Natural disasters such as fire, flood, or earthquake

Theft or sabotage

An organization’s ability to recover quickly from any outage or disaster, whether it is a component failure or the complete destruction of a site, directly contributes to the organization’s ability to survive the disruption. A backup and recovery solution should be prepared for many types of failures. Such a solution should be based on well-defined requirements for system availability and should take the elements of each server into account.

Assessing the Situation

For each operating system and application introduced in the environment, consider the following questions:

What are possible failure scenarios?

What is the critical data and where is it located?

How often are backups required?

When should full, incremental, and differential backups be done?

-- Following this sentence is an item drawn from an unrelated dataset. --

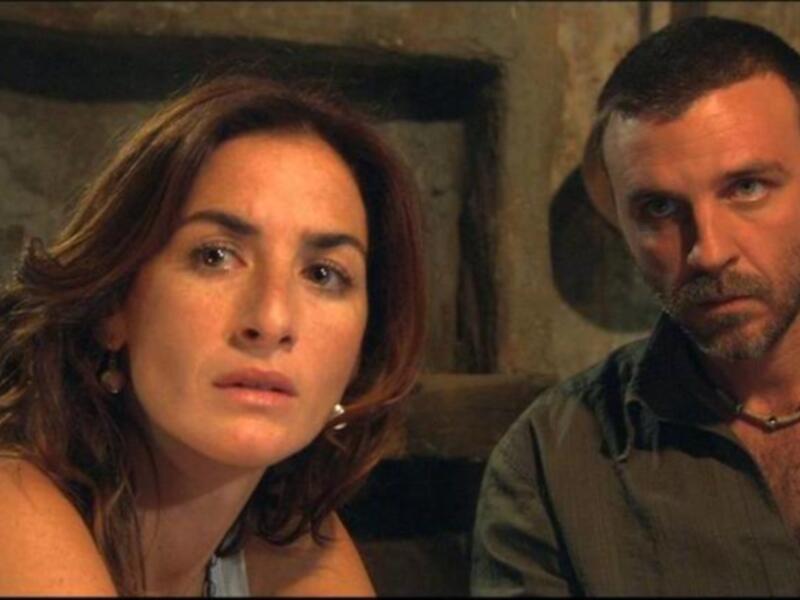 Dos personas en una escena dramática, posiblemente de una película o serie, en un entorno oscuro y antiguo.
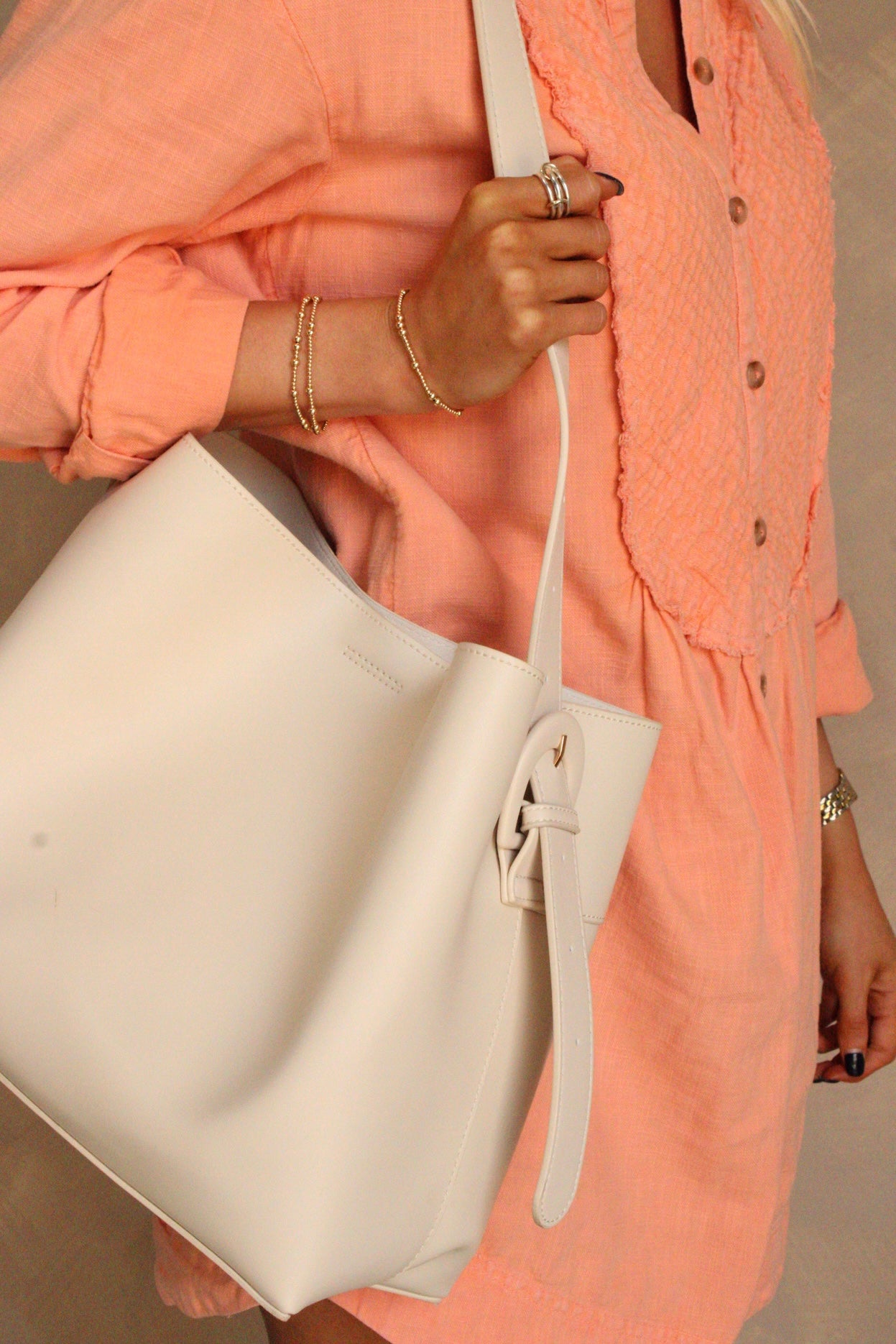 Rory Cream Faux Leather Shoulder Purse - close side view on shoulder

Will the backups be server-based or server-free?

Will a SAN storage device be used for magnetic backups?

Will backups be sent to magnetic, magneto-optical, or tape media?

Will the backups be performed online or offline?

Will backups be started manually or use a schedule to start automatically?

How will backup data be validated?

Will backups be stored onsite or offsite?

A good backup and recovery plan should include a disaster avoidance plan, tools that assist recovery from a disaster or an outage, and detailed procedures and standards for performing a recovery. For each subject area, the architecture should clearly define the people, processes, and technologies that are required for success.

For more information on the backup and recovery process, refer to the Backup and Recovery Services Blueprint.

Logical Design

A variety of logical designs for storage architecture can be adopted in an organization. In most cases, these designs grow organically on a project-by-project basis. Such an approach leads to serious cost issues, because the TCO of such a solution rises with each addition to the infrastructure.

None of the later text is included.